_Work request_.
Every entry must be reproduced word for word.

▬▬▬

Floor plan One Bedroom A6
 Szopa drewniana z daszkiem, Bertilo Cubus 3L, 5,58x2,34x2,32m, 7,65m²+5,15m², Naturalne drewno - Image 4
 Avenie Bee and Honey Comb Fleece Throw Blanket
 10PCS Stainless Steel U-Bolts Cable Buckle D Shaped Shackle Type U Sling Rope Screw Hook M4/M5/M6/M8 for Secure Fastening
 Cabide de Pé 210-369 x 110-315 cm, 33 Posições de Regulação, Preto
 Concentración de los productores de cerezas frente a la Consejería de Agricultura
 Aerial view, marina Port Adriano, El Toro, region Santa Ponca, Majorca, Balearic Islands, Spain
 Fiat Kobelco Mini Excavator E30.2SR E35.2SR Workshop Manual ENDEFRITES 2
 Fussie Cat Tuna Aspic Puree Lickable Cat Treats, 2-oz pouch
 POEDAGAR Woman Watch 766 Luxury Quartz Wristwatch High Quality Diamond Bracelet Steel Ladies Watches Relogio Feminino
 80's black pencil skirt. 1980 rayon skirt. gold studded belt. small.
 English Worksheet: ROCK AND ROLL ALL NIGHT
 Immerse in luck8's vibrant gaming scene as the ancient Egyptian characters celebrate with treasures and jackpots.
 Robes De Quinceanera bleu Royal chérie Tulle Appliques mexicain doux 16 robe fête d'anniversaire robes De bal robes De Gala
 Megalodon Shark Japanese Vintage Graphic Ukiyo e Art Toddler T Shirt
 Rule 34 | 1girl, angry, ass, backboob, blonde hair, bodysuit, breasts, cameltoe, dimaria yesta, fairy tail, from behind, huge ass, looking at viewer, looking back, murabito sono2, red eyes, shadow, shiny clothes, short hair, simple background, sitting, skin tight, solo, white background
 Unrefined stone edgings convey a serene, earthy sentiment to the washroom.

▬▬▬

_Completed task_.
Floor plan One Bedroom A6
 Szopa drewniana z daszkiem, Bertilo Cubus 3L, 5,58x2,34x2,32m, 7,65m²+5,15m², Naturalne drewno - Image 4
 Avenie Bee and Honey Comb Fleece Throw Blanket
 10PCS Stainless Steel U-Bolts Cable Buckle D Shaped Shackle Type U Sling Rope Screw Hook M4/M5/M6/M8 for Secure Fastening
 Cabide de Pé 210-369 x 110-315 cm, 33 Posições de Regulação, Preto
 Concentración de los productores de cerezas frente a la Consejería de Agricultura
 Aerial view, marina Port Adriano, El Toro, region Santa Ponca, Majorca, Balearic Islands, Spain
 Fiat Kobelco Mini Excavator E30.2SR E35.2SR Workshop Manual ENDEFRITES 2
 Fussie Cat Tuna Aspic Puree Lickable Cat Treats, 2-oz pouch
 POEDAGAR Woman Watch 766 Luxury Quartz Wristwatch High Quality Diamond Bracelet Steel Ladies Watches Relogio Feminino
 80's black pencil skirt. 1980 rayon skirt. gold studded belt. small.
 English Worksheet: ROCK AND ROLL ALL NIGHT
 Immerse in luck8's vibrant gaming scene as the ancient Egyptian characters celebrate with treasures and jackpots.
 Robes De Quinceanera bleu Royal chérie Tulle Appliques mexicain doux 16 robe fête d'anniversaire robes De bal robes De Gala
 Megalodon Shark Japanese Vintage Graphic Ukiyo e Art Toddler T Shirt
 Rule 34 | 1girl, angry, ass, backboob, blonde hair, bodysuit, breasts, cameltoe, dimaria yesta, fairy tail, from behind, huge ass, looking at viewer, looking back, murabito sono2, red eyes, shadow, shiny clothes, short hair, simple background, sitting, skin tight, solo, white background
 Unrefined stone edgings convey a serene, earthy sentiment to the washroom.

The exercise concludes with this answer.